Le débridement de plaies chroniques avec HydroClean

Les plaies chroniques se développent le plus souvent insidieusement au fil des années, à la suite de maladies comme des troubles veineux, une artériopathie oblitérante périphérique, le diabète ou des tumeurs. Mais un décubitus constitue également un terrain typique. Comme ces maladies touchent davantage les personnes âgées que les plus jeunes, les plaies chroniques à problèmes deviennent de plus en plus difficiles à gérer en médecine et en soins gériatriques. En effet, en cas de plaies chroniques à problèmes, il convient de toujours traiter en parallèle la maladie à l’origine de l’ulcère. La situation médicale est alors souvent aggravée par la multimorbidité (survenue simultanée de plusieurs maladies chez un individu donné) que l’on retrouve chez quasiment chaque personne âgée.

Le traitement local de la plaie doit également toujours tenir compte des problèmes thérapeutiques complexes découlant de la maladie. Ces derniers concernent en particulier la première et la plus importante des mesures, à savoir nettoyer et assainir le lit de la plaie à l’aide d’un débridement approprié. Dans de nombreux cas, un débridement chirurgical qui requiert une procédure incluant l’information du patient et l’obtention de son consentement, comme lors d’une intervention chirurgicale bien préparée, n’est pas possible. Dans d’autres cas, un traitement par anticoagulants empêche un débridement chirurgical, ou bien les patients refusent de donner leur consentement par crainte des douleurs et des complications. Par ailleurs, le type de plaie joue un rôle important. Par exemple, un décubitus profond est plus souvent débridé dans des conditions chirurgicales qu’un ulcère veineux dont le traitement de la plaie est souvent délégué par les médecins traitants à du personnel soignant (chargé des plaies) non autorisé à effectuer un débridement chirurgical.

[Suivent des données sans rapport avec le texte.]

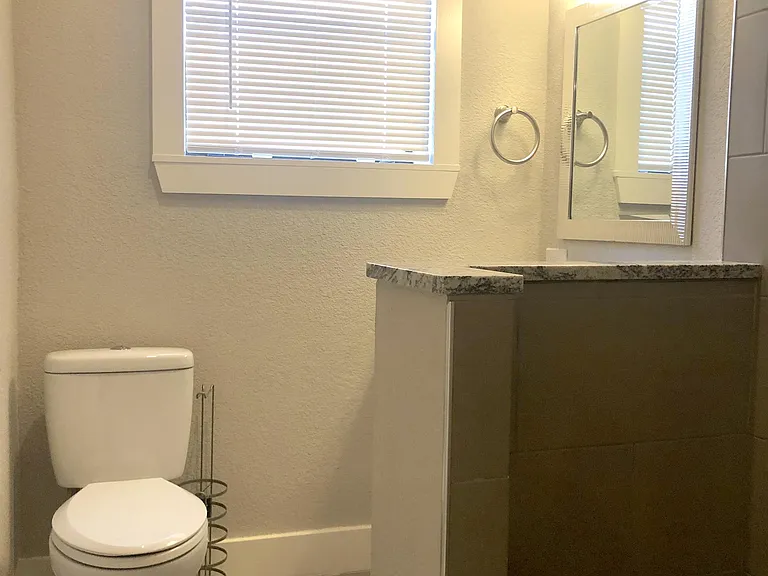 603 Devine St #2 — Photo 10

Dans ces situations, la solution est un débridement avec HydroClean® qui, grâce à son mécanisme unique d’aspiration et de rinçage, débride vite tout en préservant l’intégrité des cellules et favorise de manière optimale le débridement autolytique naturel.

 

Comment se développe une plaie chronique?

Bien que la présentation clinique des ulcères chroniques soit très hétérogène, les mécanismes physiopathologiques menant à la chronicité sont similaires. Toutes les lésions vasculaires sous-jacentes, même si elles sont d’étiologie différente, aboutissent finalement à des troubles de nutrition du tissu cutané avec un manque croissant de l’apport en oxygène (hypoxie) au niveau du tissu et une réduction ou un arrêt de la circulation sanguine (ischémie), ce qui entraîne la mort cellulaire avec nécrose. Il s’agit de la pire situation de base imaginable pour une cicatrisation qui, comme pour les plaies aiguës, se déroule en principe en trois phases connues: l’inflammation/la détersion, la formation de tissu et la (ré-)épithélialisation. La réparation cellulaire doit en effet commencer dans une région cutanée dont les fonctions métaboliques sont extrêmement endommagées. C’est pourquoi on ne peut pas garantir dès le début que «les bonnes cellules effectuent la bonne action au bon moment». Toutefois, une cicatrisation régulière n’a lieu qu’en cas d’apparition chronologiquement appropriée des cellules impliquées.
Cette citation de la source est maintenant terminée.